On June 27, 1907 the Goldfield League Baseball Association was legally formed in Goldfield, likely the foundation for ownership of the minor league team.

With John T. Powers serving as league president and Bert Ulmer as treasurer a Nevada State League meeting July 6, 1907 was held at the office of Senator Boyd. At the meeting, the board of directors were elected. Ben Rosenthal of Goldfield, Senator James T. Boyd of Reno, J.P Merder of Carson City and Thomas Kendall of Tonopah became the directors. Powers had previously served as president of the Wisconsin State League. Ulmer was an owner of the Elite Saloon in Goldfield. James T. Boyd was a member of the Nevada State Senate from 1906 to 1910. Rosenthal was Goldfield County commissioner. Kendall was a mining pioneer, owner of the Kendall Mine and a founder of Tonopah.

As Goldfield played in their first season, they hosted a home game on August 7, 1907. League president John T. Powers was scheduled to umpire the Goldfield game on that day. Powers took the field with loaded revolvers strapped around his waist. With word that there was $5,000 in bets on the game, Powers armed himself. Powers was disarmed by the local sheriff before the game and the game was allowed to begin.
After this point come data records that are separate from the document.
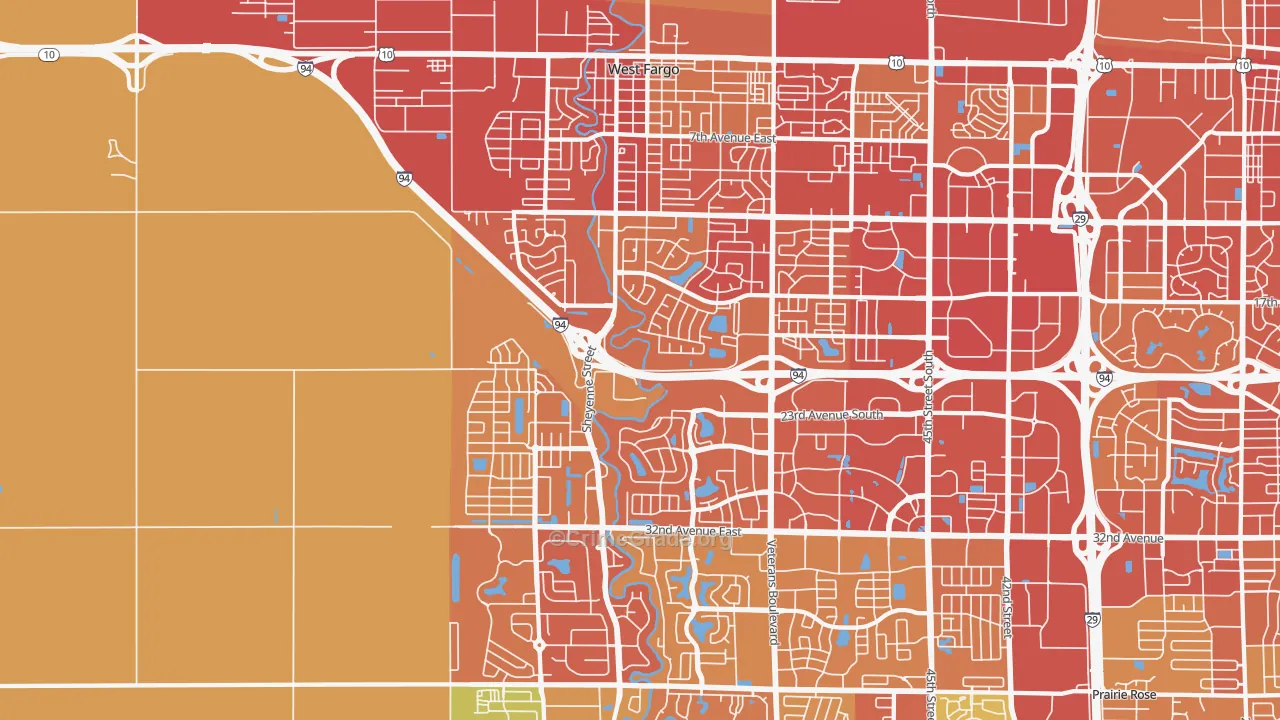 58078, ND Map of Vehicle Theft Rates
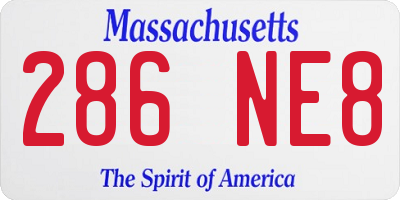 MA license plate 286NE8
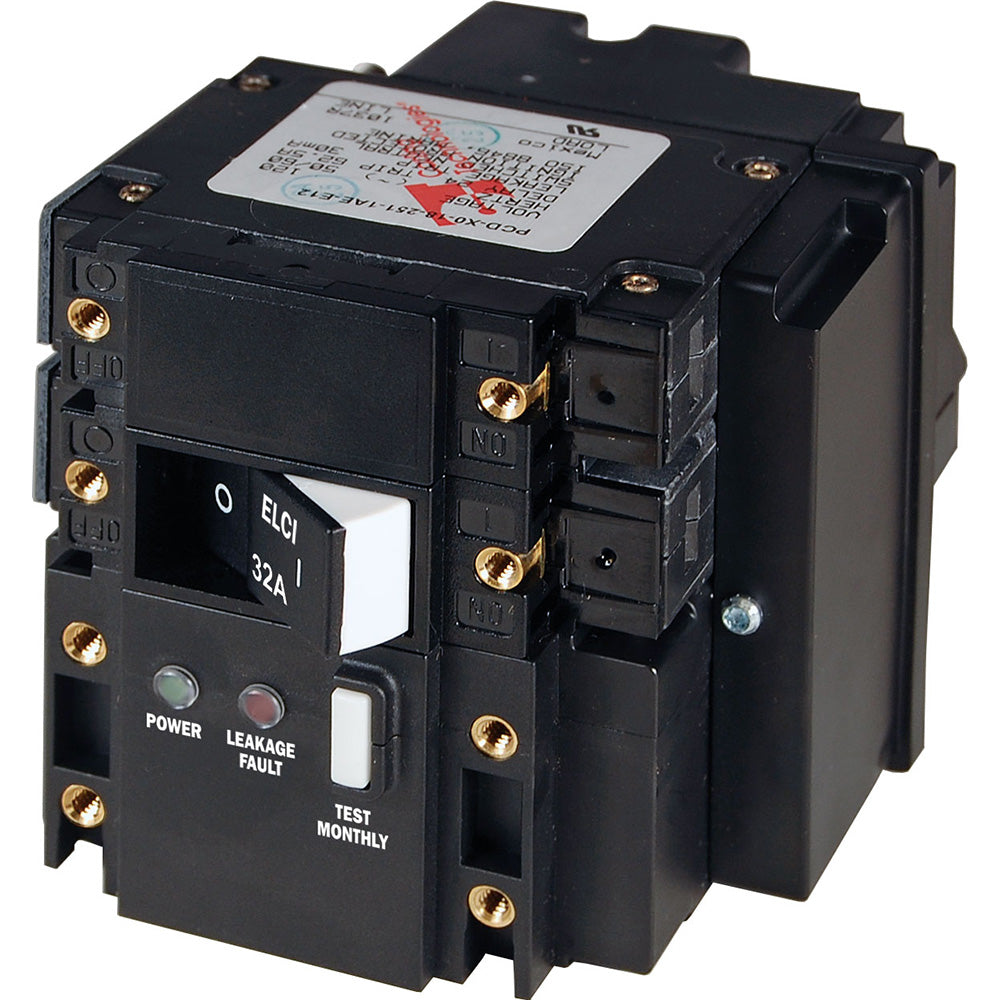 Blue Sea Systems Blue Sea C-Series ELCI Main Circuit Breaker - Double Pole 230V AC 32A — marine electrical panels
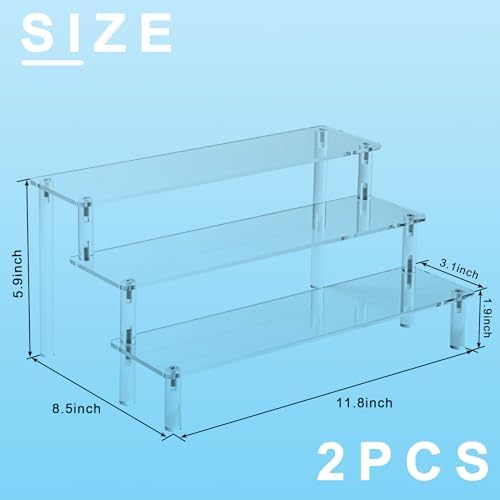 2PCS Acrylic Risers Display Stands, 3 Tier Perfume Organizer Display Shelf & Versatile Cupcake Stand Holder, Display Risers for Figures, Dessert Shelves for Party for Decoration and Organizer - Görsel 2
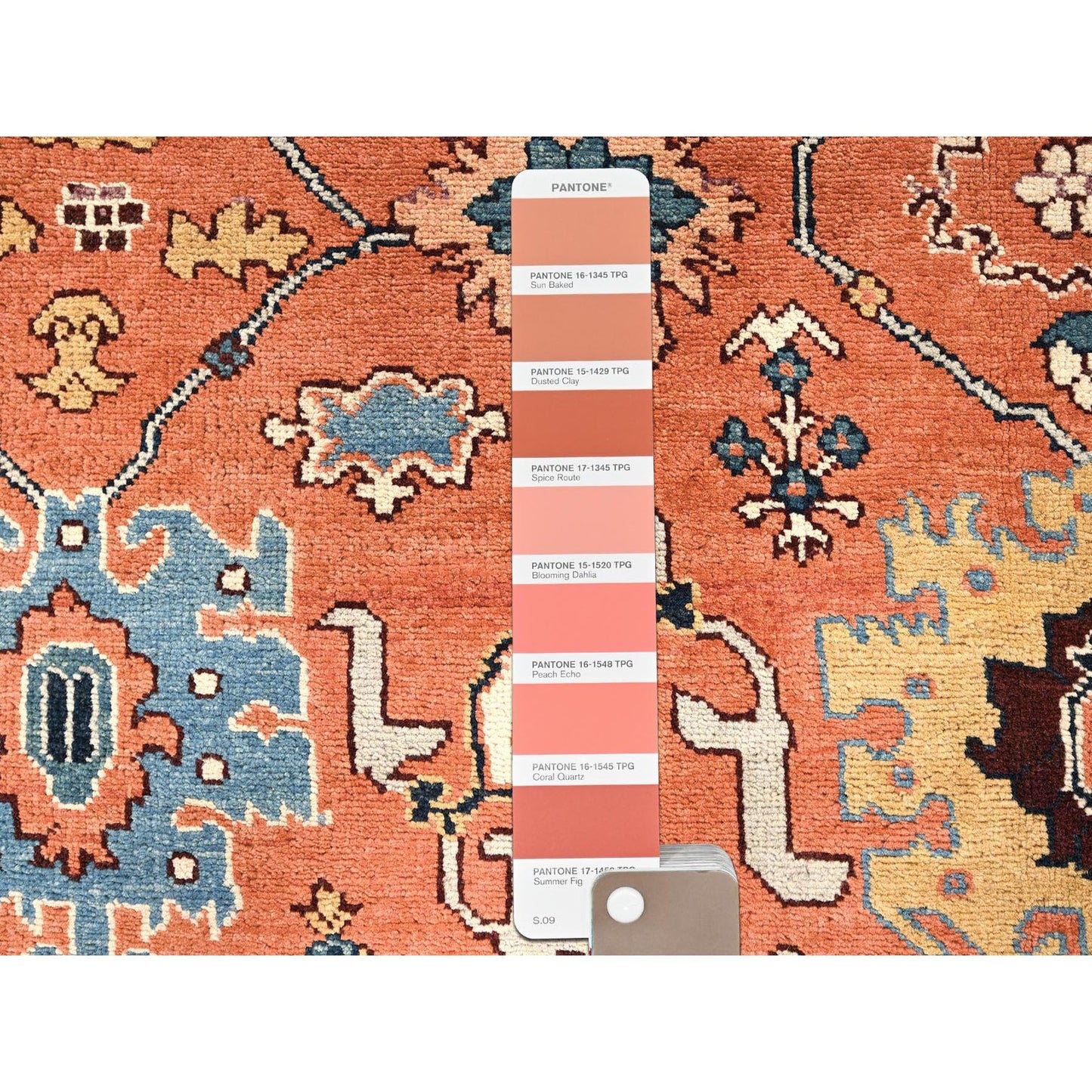 8'2"x9'8" Orange Hand Knotted Rug Peshawar with Heris All Over Design Wool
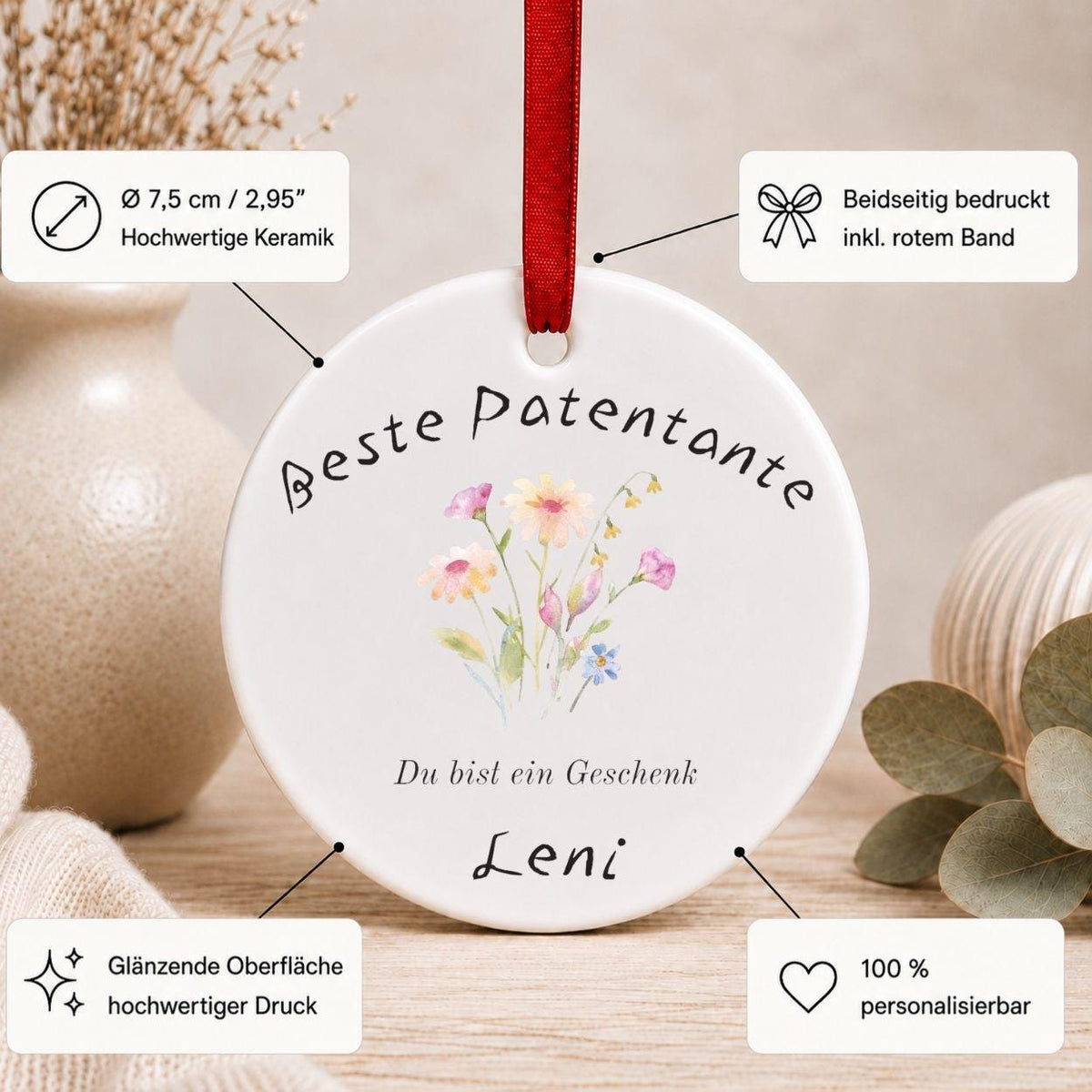 Geschenk für Patentante Ornament personalisiert, Patenonkel Geschenk von Patenkind Patentochter Patensohn, Keramik Anhänger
Research indicates the Goldfield franchise used the "Miners" moniker and won the Nevada State League championship in a shortened 1907 season. The other league members were noted to have been called the Carson City "Capitals", Reno "Mudhens" and Tonopah "Mollycoddlers". Unofficial records place Goldfield in first place with a 9–5 record. Goldfield was a head of second place Carson City, with a 7–4–1 record. They were followed by the Tonopah "Mollycoddlers" at 3–6 and the Reno "Mudhens" with a 3–7–1 record. It is noted that the Reno team disbanded on July 15, 1907, and it is possible the rest of the league, Goldfield included, followed suit, as only three teams would have remained. Goldfield has not hosted another minor league team.

==Ballpark==
The name and location of the 1907 Goldfield ballpark is unknown. The Goldfield Athletic Club field was in use during the era. The park location was possibly in or near the area that was refurbished with help from promoter and Goldfield Saloon owner Tex Rickard to host an infamous 42-round boxing match on Labor Day 1906 featuring Joe Gans against Oscar Nelson. Gans won the bout. Today, there is a marker in Goldfield signifying the site of the fight, which had 15,000 in attendance.

Sept. 30, 1909. Goldfield, Nevada.

==Timeline==

| Year(s) | # Yrs. | Team | Level | League |
|---|---|---|---|---|
| 1907 | 1 | Goldfield "Miners" | Independent | Nevada State League |

==Year–by–year record==

| Year | Record | Finish | Manager | Playoffs/Notes |
|---|---|---|---|---|
| 1907 | 9–5 | 1st | NA | League folded July 15 |

==Notable alumni==
The Goldfield 1907 roster information is unknown.